Listen up ladies and gentlemen, children and seniors: A volunteer

group of residents have been working for six and a half years to give

Newport Beach and Orange County residents a cultural art and cinema

center and it’s located in Balboa, that wonderful village by the sea

where Newport Beach actually began with the McFadden brothers, the Red

Line, the Balboa Pavilion and Rendezvous Ballroom (“Residents, city

debate arts center location,” Sept. 1).

Although Balboa has seen much physical decline over the past 10 years,

we believe the Balboa Theater renovation will effect the change that is

needed to make this a vital, thriving cultural area. It’s been done

before in the San Diego Gaslamp District, Pasadena Old Town, where the

revitalization of a theater has made these destination points for young

and old to enjoy.

The Balboa area is unique, the Balboa Theater will be culturally

unique and will offer live theater, cinema, ballet, musicals and

orchestra, special programs for children and seniors, all readily

available in a state-of-the-art 350-seat theater.
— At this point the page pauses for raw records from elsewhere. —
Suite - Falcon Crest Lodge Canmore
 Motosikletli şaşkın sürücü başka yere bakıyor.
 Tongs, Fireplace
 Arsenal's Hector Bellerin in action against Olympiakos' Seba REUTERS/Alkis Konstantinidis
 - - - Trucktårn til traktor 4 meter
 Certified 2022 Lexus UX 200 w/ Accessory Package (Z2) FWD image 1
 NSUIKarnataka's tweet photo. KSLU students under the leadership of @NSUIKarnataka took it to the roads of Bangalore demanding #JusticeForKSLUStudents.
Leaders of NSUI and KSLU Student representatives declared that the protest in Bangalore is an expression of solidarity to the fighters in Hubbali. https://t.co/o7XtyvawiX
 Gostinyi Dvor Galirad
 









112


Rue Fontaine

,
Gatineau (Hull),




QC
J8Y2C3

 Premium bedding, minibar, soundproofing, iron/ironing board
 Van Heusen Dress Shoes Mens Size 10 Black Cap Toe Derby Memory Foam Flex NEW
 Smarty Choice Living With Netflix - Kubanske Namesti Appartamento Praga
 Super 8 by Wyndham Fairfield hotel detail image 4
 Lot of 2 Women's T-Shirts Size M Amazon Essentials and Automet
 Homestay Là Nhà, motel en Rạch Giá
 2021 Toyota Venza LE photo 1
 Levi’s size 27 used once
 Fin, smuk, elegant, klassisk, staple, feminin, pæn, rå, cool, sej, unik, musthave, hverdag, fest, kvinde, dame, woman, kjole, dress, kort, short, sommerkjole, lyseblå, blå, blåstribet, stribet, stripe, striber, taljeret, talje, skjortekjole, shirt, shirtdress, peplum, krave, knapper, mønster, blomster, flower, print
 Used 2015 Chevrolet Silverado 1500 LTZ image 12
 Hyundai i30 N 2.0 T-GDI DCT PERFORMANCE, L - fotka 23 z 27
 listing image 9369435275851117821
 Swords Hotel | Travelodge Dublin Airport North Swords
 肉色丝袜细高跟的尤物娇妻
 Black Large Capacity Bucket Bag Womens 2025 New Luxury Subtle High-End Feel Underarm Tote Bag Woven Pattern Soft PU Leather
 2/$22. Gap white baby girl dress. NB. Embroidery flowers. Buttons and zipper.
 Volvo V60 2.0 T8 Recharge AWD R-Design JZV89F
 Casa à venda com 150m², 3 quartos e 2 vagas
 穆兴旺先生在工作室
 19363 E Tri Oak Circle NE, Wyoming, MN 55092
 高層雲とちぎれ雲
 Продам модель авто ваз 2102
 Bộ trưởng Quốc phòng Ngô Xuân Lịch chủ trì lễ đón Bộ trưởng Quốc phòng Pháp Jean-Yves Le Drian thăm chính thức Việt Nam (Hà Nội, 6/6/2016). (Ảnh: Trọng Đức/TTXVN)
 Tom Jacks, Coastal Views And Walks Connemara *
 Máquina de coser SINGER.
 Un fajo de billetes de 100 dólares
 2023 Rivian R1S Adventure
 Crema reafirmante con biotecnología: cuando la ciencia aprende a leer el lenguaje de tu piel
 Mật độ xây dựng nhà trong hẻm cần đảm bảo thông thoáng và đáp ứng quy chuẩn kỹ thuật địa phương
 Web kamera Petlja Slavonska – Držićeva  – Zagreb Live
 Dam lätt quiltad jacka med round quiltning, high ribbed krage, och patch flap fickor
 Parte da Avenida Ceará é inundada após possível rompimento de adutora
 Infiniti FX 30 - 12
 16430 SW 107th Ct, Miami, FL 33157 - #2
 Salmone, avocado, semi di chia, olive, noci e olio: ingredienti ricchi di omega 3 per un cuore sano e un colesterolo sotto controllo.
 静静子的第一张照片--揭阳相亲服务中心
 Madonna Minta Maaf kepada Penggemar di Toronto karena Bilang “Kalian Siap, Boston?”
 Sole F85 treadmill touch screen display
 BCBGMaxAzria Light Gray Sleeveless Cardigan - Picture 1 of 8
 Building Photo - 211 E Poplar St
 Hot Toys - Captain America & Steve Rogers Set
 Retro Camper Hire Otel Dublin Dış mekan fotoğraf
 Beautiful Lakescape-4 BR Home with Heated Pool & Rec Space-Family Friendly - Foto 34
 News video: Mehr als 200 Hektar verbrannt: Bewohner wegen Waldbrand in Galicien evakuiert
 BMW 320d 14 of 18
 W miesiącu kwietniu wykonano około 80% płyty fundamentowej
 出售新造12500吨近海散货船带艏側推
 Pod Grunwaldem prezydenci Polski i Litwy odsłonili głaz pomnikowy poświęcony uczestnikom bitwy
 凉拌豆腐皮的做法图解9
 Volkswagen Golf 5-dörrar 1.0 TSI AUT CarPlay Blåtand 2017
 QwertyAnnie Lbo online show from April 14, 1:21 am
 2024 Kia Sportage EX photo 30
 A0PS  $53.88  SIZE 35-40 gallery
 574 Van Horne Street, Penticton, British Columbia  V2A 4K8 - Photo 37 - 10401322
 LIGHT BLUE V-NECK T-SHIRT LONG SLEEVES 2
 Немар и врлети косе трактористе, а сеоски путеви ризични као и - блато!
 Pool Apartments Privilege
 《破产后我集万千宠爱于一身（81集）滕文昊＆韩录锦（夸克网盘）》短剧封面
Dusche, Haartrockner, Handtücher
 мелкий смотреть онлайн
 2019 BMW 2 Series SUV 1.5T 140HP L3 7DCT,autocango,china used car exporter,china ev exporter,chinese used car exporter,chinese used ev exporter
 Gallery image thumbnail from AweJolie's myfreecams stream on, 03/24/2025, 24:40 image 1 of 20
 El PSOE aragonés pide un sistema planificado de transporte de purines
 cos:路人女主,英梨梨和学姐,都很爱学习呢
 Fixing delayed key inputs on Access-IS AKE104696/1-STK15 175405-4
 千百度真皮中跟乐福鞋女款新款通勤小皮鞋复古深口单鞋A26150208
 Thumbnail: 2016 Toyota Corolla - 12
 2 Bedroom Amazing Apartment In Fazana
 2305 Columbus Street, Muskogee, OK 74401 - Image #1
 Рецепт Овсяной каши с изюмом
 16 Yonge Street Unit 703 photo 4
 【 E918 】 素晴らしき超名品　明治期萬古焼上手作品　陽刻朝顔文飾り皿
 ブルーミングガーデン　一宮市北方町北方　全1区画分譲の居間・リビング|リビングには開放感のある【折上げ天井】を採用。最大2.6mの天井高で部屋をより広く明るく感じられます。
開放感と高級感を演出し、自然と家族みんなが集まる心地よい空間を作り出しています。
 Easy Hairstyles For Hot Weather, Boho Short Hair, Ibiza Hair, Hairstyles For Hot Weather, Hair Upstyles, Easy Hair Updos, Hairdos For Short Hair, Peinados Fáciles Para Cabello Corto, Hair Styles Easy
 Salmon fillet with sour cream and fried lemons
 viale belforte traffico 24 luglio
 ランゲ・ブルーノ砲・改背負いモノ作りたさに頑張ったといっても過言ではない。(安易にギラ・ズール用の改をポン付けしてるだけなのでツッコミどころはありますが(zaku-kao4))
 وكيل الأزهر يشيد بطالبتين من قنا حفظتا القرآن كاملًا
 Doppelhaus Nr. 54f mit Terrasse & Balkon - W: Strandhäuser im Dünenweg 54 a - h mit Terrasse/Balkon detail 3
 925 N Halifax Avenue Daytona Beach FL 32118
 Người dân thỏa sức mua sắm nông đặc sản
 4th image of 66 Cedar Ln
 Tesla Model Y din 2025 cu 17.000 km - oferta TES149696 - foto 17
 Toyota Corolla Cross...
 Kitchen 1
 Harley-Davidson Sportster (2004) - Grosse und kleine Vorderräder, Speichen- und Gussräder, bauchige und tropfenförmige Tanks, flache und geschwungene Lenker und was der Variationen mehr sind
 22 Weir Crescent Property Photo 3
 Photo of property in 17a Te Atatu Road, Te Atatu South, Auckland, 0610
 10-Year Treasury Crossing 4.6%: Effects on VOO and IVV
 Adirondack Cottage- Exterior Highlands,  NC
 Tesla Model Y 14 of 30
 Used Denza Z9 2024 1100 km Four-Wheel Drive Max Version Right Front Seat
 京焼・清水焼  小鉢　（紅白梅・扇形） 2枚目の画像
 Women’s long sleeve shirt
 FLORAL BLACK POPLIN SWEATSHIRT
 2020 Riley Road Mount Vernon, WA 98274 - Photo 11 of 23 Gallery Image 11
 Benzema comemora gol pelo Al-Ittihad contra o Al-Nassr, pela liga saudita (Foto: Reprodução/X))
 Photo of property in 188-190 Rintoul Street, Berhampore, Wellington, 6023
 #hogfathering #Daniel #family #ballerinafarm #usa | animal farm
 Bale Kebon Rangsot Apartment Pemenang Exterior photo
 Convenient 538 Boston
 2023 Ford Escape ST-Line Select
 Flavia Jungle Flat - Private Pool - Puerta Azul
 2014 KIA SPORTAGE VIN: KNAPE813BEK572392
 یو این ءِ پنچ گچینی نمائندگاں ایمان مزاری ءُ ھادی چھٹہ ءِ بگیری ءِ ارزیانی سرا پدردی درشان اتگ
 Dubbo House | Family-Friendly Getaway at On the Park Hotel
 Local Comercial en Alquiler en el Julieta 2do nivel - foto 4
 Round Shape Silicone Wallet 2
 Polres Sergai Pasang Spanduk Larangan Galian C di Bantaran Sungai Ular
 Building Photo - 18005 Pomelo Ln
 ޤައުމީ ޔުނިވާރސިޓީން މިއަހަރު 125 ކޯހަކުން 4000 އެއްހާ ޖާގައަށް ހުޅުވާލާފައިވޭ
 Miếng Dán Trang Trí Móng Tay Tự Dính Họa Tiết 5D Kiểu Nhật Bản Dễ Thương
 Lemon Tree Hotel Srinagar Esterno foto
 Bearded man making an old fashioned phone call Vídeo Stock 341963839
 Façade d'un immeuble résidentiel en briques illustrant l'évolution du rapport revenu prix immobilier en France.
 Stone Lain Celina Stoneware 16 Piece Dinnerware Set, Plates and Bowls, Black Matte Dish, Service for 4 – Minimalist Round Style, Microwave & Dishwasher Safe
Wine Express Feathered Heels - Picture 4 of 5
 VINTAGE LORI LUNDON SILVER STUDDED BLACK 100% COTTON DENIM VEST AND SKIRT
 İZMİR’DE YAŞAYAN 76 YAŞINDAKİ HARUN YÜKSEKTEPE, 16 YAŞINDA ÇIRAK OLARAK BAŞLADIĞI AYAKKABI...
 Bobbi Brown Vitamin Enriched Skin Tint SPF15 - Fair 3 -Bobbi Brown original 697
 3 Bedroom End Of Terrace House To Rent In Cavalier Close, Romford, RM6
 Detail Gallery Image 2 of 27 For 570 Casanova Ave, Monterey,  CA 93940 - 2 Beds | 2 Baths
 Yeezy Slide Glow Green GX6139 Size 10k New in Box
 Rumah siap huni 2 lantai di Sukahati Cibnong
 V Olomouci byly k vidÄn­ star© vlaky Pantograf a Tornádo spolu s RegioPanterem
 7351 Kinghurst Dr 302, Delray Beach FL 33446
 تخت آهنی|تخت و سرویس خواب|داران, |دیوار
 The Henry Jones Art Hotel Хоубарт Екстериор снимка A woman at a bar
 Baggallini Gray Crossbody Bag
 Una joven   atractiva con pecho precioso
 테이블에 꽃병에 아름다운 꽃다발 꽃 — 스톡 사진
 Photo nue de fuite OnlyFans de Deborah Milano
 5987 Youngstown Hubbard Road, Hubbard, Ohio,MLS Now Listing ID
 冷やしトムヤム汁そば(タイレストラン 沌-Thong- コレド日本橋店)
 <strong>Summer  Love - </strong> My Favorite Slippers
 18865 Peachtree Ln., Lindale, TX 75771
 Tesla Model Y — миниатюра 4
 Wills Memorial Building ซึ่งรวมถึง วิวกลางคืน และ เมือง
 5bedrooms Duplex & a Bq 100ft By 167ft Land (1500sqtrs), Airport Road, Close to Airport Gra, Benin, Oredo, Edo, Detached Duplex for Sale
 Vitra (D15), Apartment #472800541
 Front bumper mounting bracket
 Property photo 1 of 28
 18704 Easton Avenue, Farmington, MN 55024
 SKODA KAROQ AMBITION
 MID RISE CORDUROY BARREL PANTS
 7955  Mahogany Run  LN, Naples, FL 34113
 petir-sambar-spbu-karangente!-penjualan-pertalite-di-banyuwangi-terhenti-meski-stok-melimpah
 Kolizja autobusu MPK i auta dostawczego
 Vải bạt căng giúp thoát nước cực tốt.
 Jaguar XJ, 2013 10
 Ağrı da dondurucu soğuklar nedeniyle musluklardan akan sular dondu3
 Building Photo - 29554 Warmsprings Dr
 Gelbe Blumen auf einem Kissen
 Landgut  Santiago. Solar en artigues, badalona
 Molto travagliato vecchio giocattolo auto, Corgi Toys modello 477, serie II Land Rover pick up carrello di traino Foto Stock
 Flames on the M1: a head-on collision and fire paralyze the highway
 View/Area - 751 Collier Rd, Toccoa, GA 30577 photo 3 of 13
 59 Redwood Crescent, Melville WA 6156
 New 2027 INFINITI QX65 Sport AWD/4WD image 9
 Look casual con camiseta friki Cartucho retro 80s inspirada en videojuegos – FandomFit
No, we aren’t trying to duplicate the Orange County Performing Arts

Center, or the Barclay or Laguna Playhouse. We are simply making

available within our own treasure, Balboa, a culturally alive and

entertaining facility called the Balboa Theater. The city of Newport

Beach has supported our efforts by purchasing the theater in 1998; now

they’ve pledged $7.5 million toward making Balboa a destination place,

certainly one that should be preserved, that we are all proud to be a

part of.

DAYNA PETTIT

President, Balboa Performing Arts Theater Foundation

Old plans for bridge are still bad news

Costa Mesa and Huntington Beach -- the only cities that would have

neighborhoods disrupted by two new bridges proposed to stretch between

them -- still face a game of foot-dragging by those wanting the bridges

(“Costa Mesa bemoans stalled bridge study,” Aug. 26).

The southern bridge, strongly pushed by Newport Beach staff, would

create a route for shunting heavy Coast Highway traffic out of Newport

Beach, across the length of southern Costa Mesa and Huntington Beach, and

back again to Coast Highway beyond Newport Beach.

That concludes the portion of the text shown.